We support the Government’s planned introduction of a new framework to replace the existing 2014 Regulator Performance Framework (Old Framework), which is considerably flawed and outdated. The Draft Guide improves upon the overall focus of the Old Framework, as it is predicated on a slightly broader view of the purpose of regulators, and the goals they should seek to achieve.
That said, there is still substantial room for improvement. The Draft Guide still only sets out expectations that speak to some of the goals and principles that are necessary to deliver effective regulation. There is a concerning absence of any real focus on measuring regulator performance by the extent to which they perform their legislated role, and protect (or otherwise benefit) the general public.
It is essential that strong and effective regulators exist in marketplaces to help protect consumers and improve consumer outcomes. This is the fundamental reason for their existence.
Though the Draft Guide may be an improvement upon the Old Framework and the three principles of best practice identified by the Government appear to be sound, we are concerned that the Draft Guide suffers from a glaring lack of focus on the fundamental end goal of all regulators –being to improve the conduct of regulated entities and the outcomes to consumers that they provide. While not to the same extent at is predecessor, the small print in the Draft Guide too often frames the three key principles primarily from the perspective of regulated entities, rather than the public.
The Government’s three principles of best practice can absolutely be consistent with good consumer outcomes, but the message the framework sends could be substantially improved by shifting the overall tone in the detail towards emphasising that end goal.
This problematic tone is clear from the first paragraph of the message from the Assistant Minister, where he refers to the impact regulation has on businesses, markets and the economy, without mentioning consumers or the general public.
We strongly encourage the Assistant Minister to frame this issue differently from the start, by referencing the general public that regulators (and Government as a whole) exist to serve.
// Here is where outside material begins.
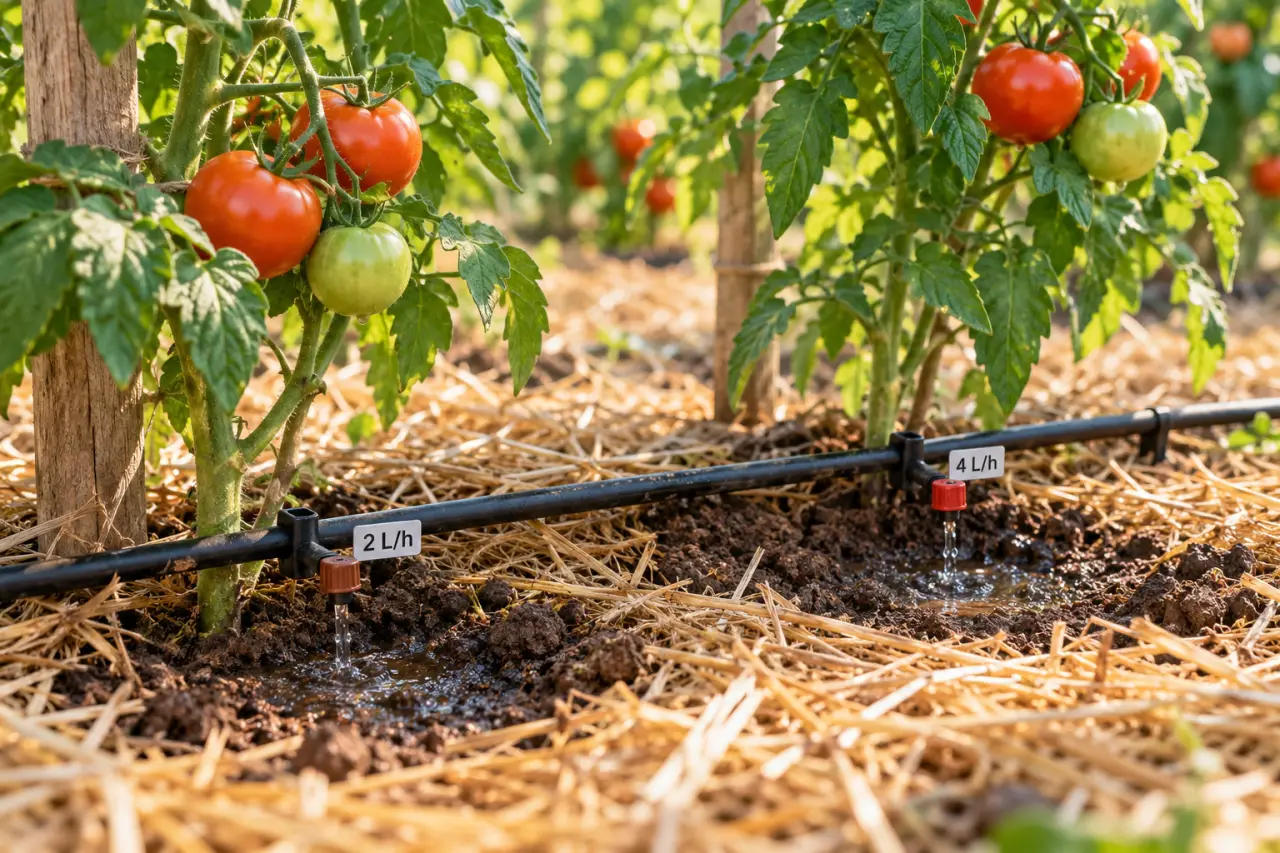 Goutteurs de 2 ou 4 L/h : le débit change la durée d’arrosage des tomates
We recommend, rather than focusing so prominently on reducing the regulatory burden, the Draft Guide instead encourages regulators to adopt a focus on outcomes-based regulation and a model where a regulator sets out particular outcomes that regulated entities must meet, and where there is flexibility and discretion in how these outcomes are achieved. This would still allow for innovation and a reduction in regulatory burden, without compromising the end goals of regulation.